Task objective: The answer must be only the lines below from the one holding "If the value entered" down to the one holding "Follow the same", ends included, printed exactly; please omit all pictures.

Available data:

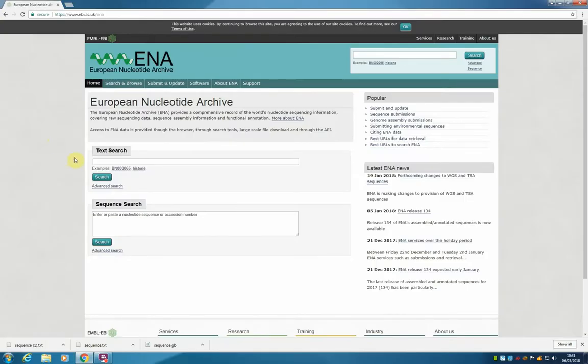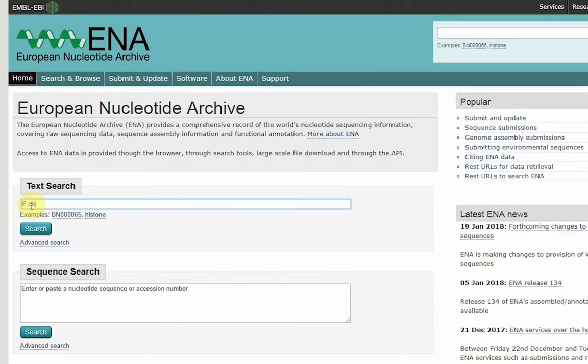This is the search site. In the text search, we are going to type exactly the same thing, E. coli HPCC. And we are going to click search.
--
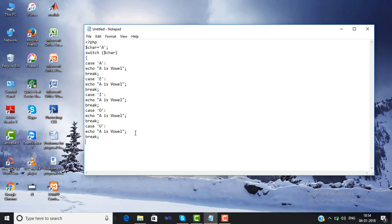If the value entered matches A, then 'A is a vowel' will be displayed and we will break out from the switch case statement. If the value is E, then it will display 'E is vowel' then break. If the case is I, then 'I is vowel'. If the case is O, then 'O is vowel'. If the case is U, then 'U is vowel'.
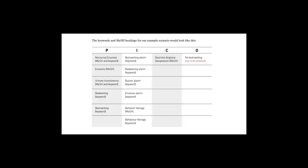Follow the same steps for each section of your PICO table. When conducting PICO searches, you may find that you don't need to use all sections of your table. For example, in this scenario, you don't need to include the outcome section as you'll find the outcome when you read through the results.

Answer to the problem:
If the value entered matches A, then 'A is a vowel' will be displayed and we will break out from the switch case statement. If the value is E, then it will display 'E is vowel' then break. If the case is I, then 'I is vowel'. If the case is O, then 'O is vowel'. If the case is U, then 'U is vowel'.
Follow the same steps for each section of your PICO table. When conducting PICO searches, you may find that you don't need to use all sections of your table. For example, in this scenario, you don't need to include the outcome section as you'll find the outcome when you read through the results.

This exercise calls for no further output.